I have a problem I'm having trouble figuring out and was not able to find a similar problem here at the forum.
I want to be able to redirect a direct request to a pdf file from a search engine, e.g. Google to a html file with a link to the PDF file, in this way I can save some bandwidth from people directly downloading something they do not want to read. AS my pdf-files are on average 10 MB, this can add up.
I want to to this by rewriting e.g.
http://www.mysite.com/magazine/articles/articles.pdf
to
http://www.mysite.com/magazine/articles/
In this way, the index.html gets served instead of the large PDF.
Please notice that the directory structure is not fixed, the files can be in different folders at different levels. That is why I only want to look at the filename at the end.
Also, I also would like to test wheter the extension is a pdf before a rewrite, as this avoids the server carrying out unneccesary rewrites.

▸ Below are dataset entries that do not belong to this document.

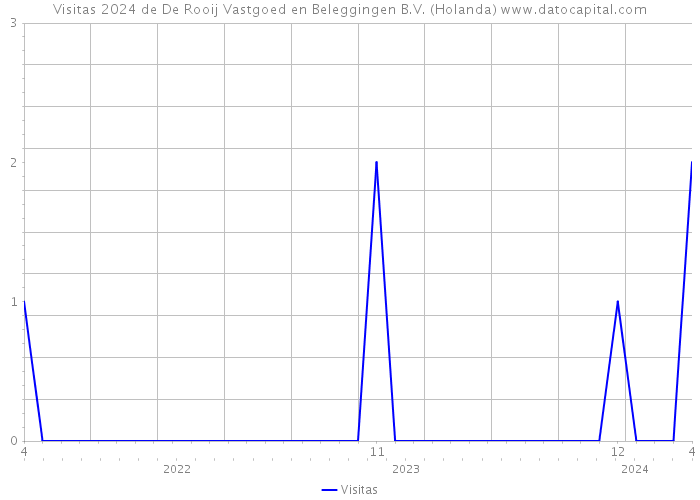 Visitas 2024 de De Rooij Vastgoed en Beleggingen B.V. (Holanda) 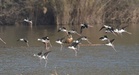 Take measures to improve migratory bird habitat quality at Sukhna: Kataria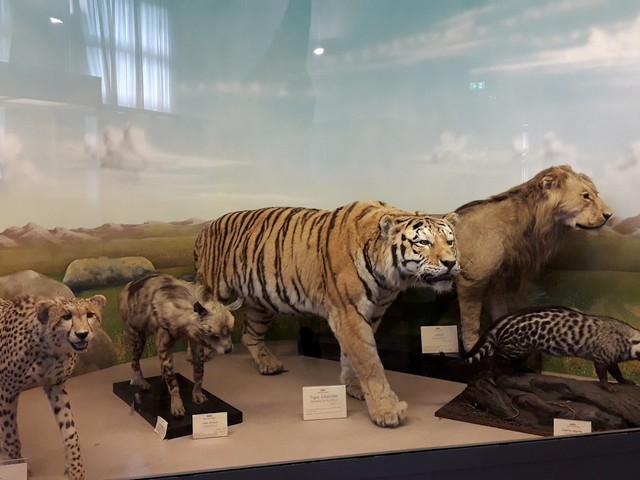 المتحف المدني لعلم الحيوان روما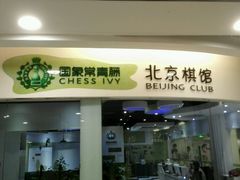 -常青藤国际象棋(新奥店)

I also want to enable Google and other search engines to index the PDF directly, so I do not want the html page to be served to the search engine.

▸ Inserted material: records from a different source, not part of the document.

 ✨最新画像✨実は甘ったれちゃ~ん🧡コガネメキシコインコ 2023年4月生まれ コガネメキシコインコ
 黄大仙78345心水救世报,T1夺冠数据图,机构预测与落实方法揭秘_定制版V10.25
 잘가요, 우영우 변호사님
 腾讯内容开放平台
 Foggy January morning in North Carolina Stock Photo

I think I got the Search engine part correct (Google in the example below, more to be added), but I am not ale to remove the complete filename, only the PDF extension, see below. Practically anything I try gives a server error.
How to test for the file extension I don't really know.
- Code: Select all
Options +FollowSymLinks
RewriteBase /
RewriteEngine On
RewriteCond %{HTTP_USER_AGENT} !googlebot [NC]
RewriteRule ^/?([a-z/]+)\.pdf$ $1/ [NC]
Your comments and suggestions are much appreciated.